**PROBLEM**
Would you restate, word for word, only the lines starting at the one with "Monster High Doll, Clawdeen" and ending with the final line of the entries below? Pictures stay out.

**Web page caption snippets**
────────────────────

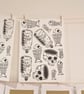 Mindless Skull Hand Printed Sticker - Image 9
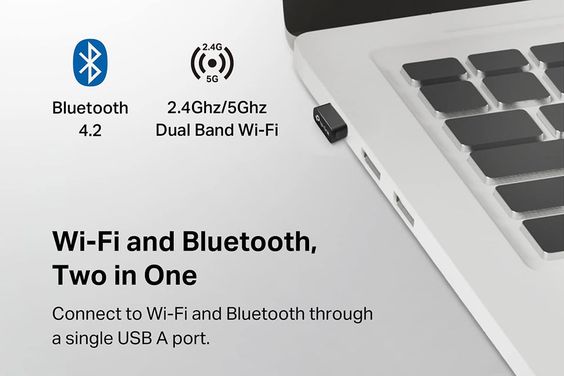 USB Wifi Chuẩn AC600 Bluetooth 4.2 TP-Link Archer T2UB Nano
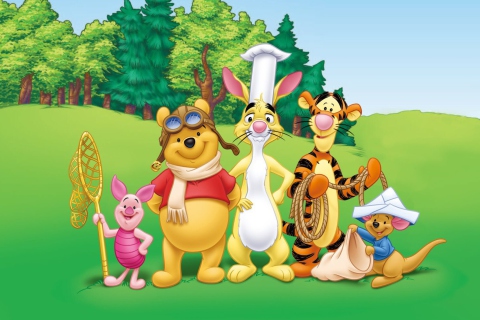 Sfondi Pooh and Friends 480x320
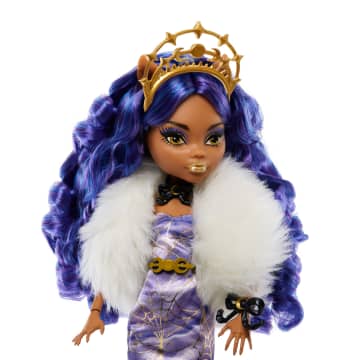 Monster High Doll, Clawdeen Wolf Howliday Edition in Purple Gown - Image 2 of 6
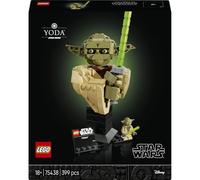 LEGO Star Wars Busto de Yoda 75438 | Set para adultos, busto de Yoda con espada láser y minifigura, decoración de la estantería, regalo de cumpleaños, 399 piezas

────────────────────

**SOLVED EXERCISE**
 Monster High Doll, Clawdeen Wolf Howliday Edition in Purple Gown - Image 2 of 6
 LEGO Star Wars Busto de Yoda 75438 | Set para adultos, busto de Yoda con espada láser y minifigura, decoración de la estantería, regalo de cumpleaños, 399 piezas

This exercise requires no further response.